XETKR-AM
- Guadalupe, Nuevo León; Mexico;
- Frequency: 1480 AM
- Branding: Radio Vida

Programming
- Format: Christian

Ownership
- Owner: Multimedios Radio; (Multimedios, S.A. de C.V.);
- Sister stations: Radio: XERG-AM, XENL-AM, XET-AM, XEAU-AM, XEAW-AM, XHERG-FM, XET-FM, XHJD-FM, XHAW-FM, XHTKR-FM, XHLUPE-FM, XHITS-FM, XHPJ-FM; TV: XHAW-TDT;

History
- First air date: March 21, 1961 (concession)
- Former call signs: XENJ-AM

Technical information
- Licensing authority: CRT
- Class: B
- Power: 10,000 watts day 1,000 watts night
- Transmitter coordinates: 25°41′57.2″N 100°12′27.1″W﻿ / ﻿25.699222°N 100.207528°W

Links
- Webcast: Listen live
- Website: mmradio.com

= XETKR-AM =

Radio station in Monterrey, Nuevo León, Mexico

XETKR-AM is a radio station on 1480 AM in Guadalupe, Nuevo León, Mexico which serves the greater Monterrey area. It is owned by Multimedios Radio and is known as Radio Vida.

==History==

Previously used logo

XENJ-AM received its concession on March 21, 1961. It operated from Guadalupe and was owned by Remigio González González. Radio Triunfos, S.A. became the concessionaire in July 1964, with the callsign changing to the current XETKR. Daytime power was raised from 1,000 to 5,000 watts by the 1980s and then to 10,000 in the 1990s.
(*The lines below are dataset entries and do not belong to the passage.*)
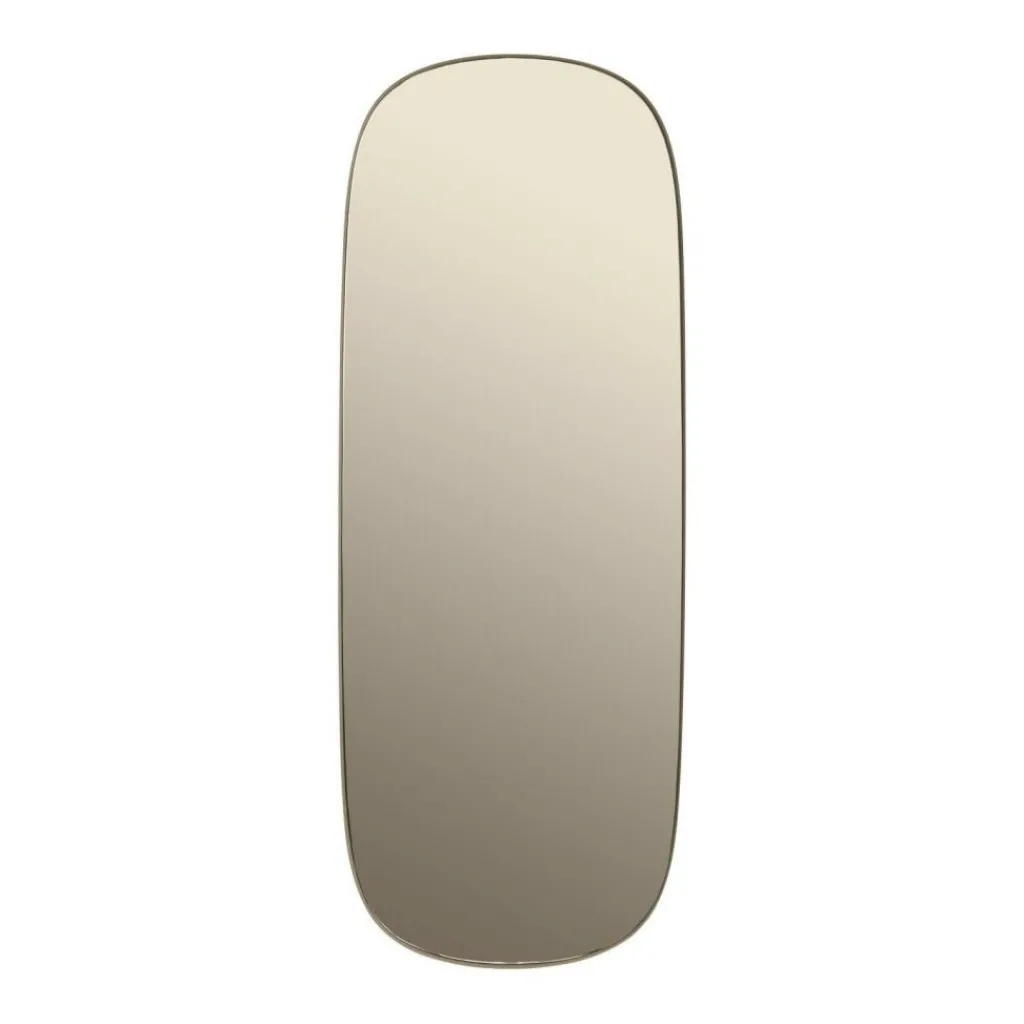 Muuto Framed Mirror Spiegel 118x44,5cm| Spiegel|Spiegel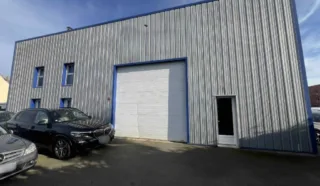  CELLULE D'ACTIVITES PACE 445 m²
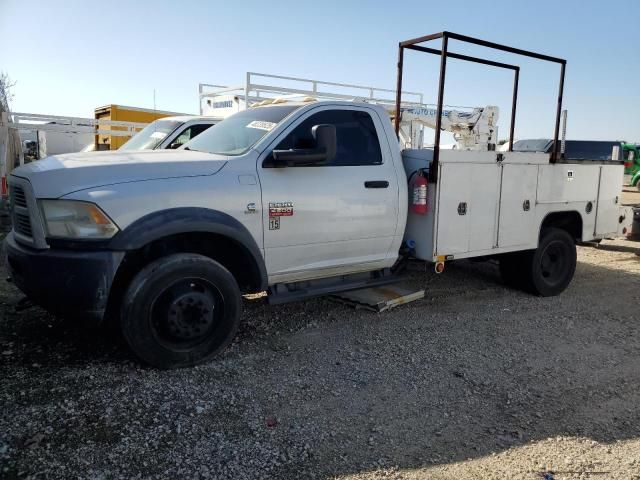 2012 Dodge RAM 4500 ST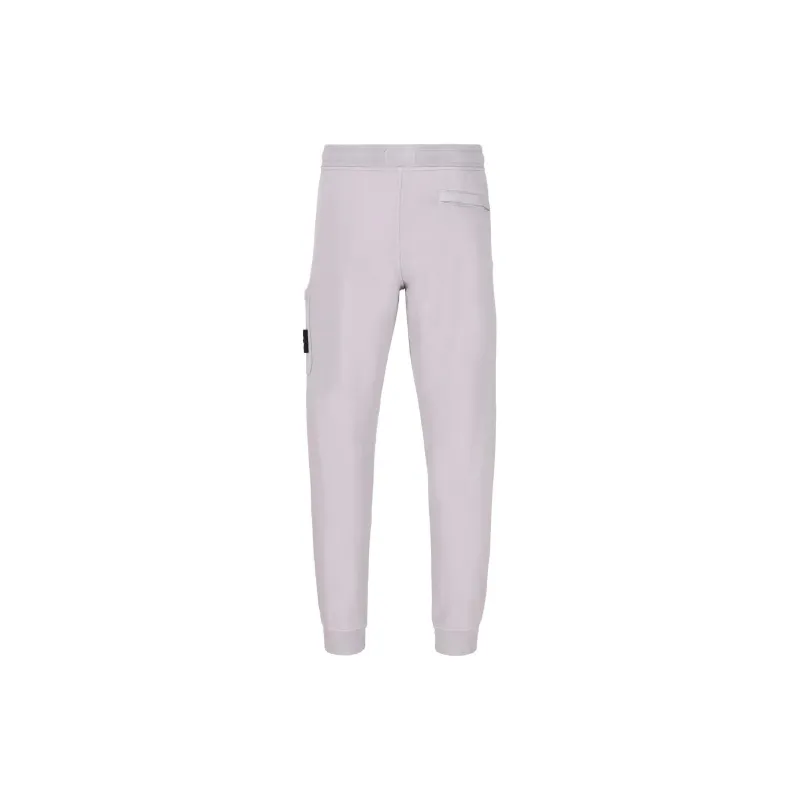 STONE ISLAND Casual Pants Men's Light Purple-1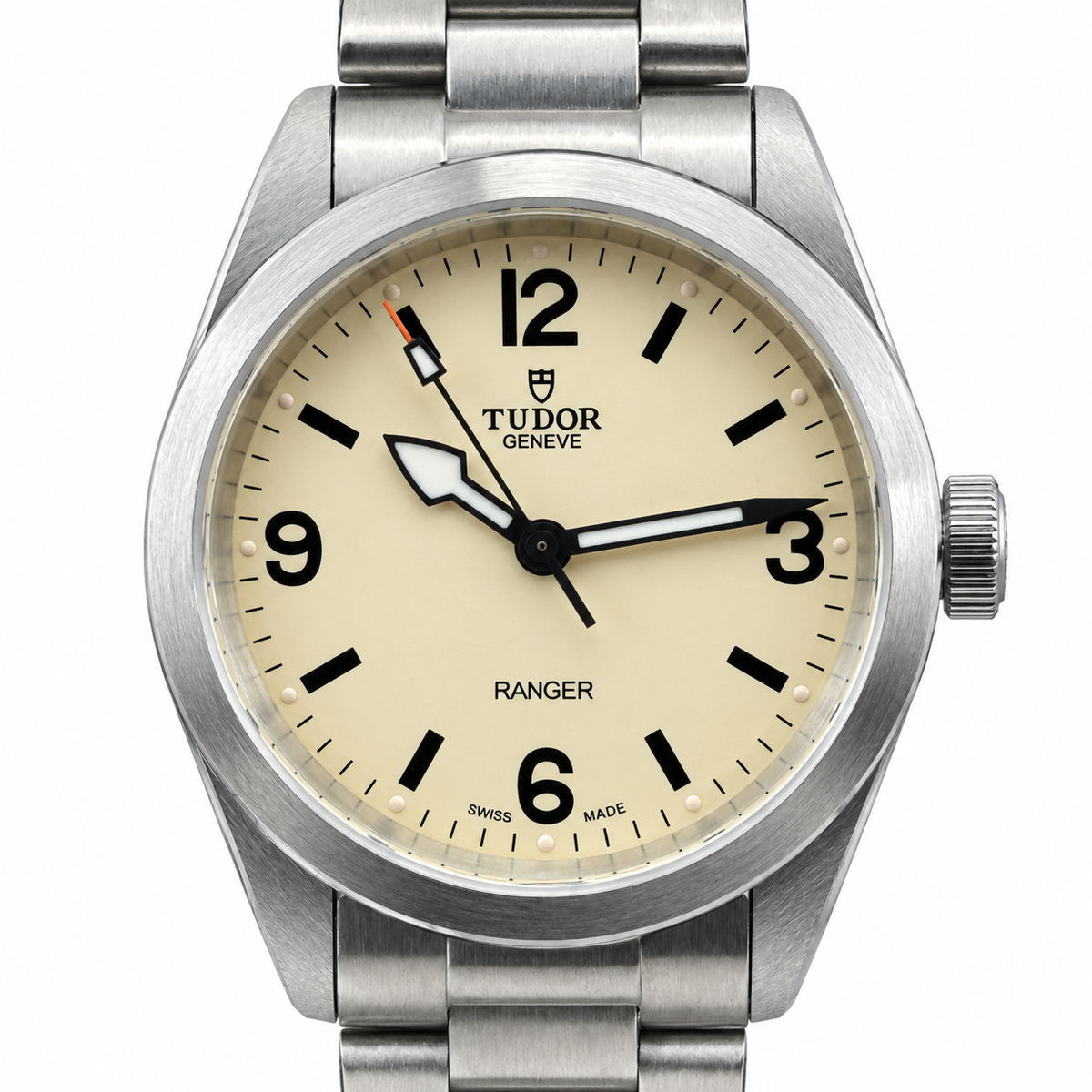 Tudor Black Bay 39mm Classic Automatic Steel Watch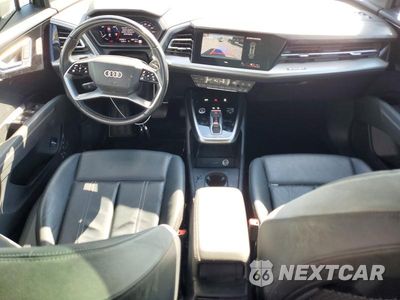 Zdjęcie 8 z 13 samochodu: 2022 AUDI Q4 E-TRON PRESTIGE VIN:WA1J2BFZ0NP056450 - miniatura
Since its launch, the station carried a Regional Mexican/ranchera format, which lasted for 65 years, until on September 21, 2026, it switched to a Christian radio format known as "Radio Vida", rebroadcasting programming originating from Houston station KLVL. The ranchera music format continues as a commercial-free online stream on Multimedios Radio's website.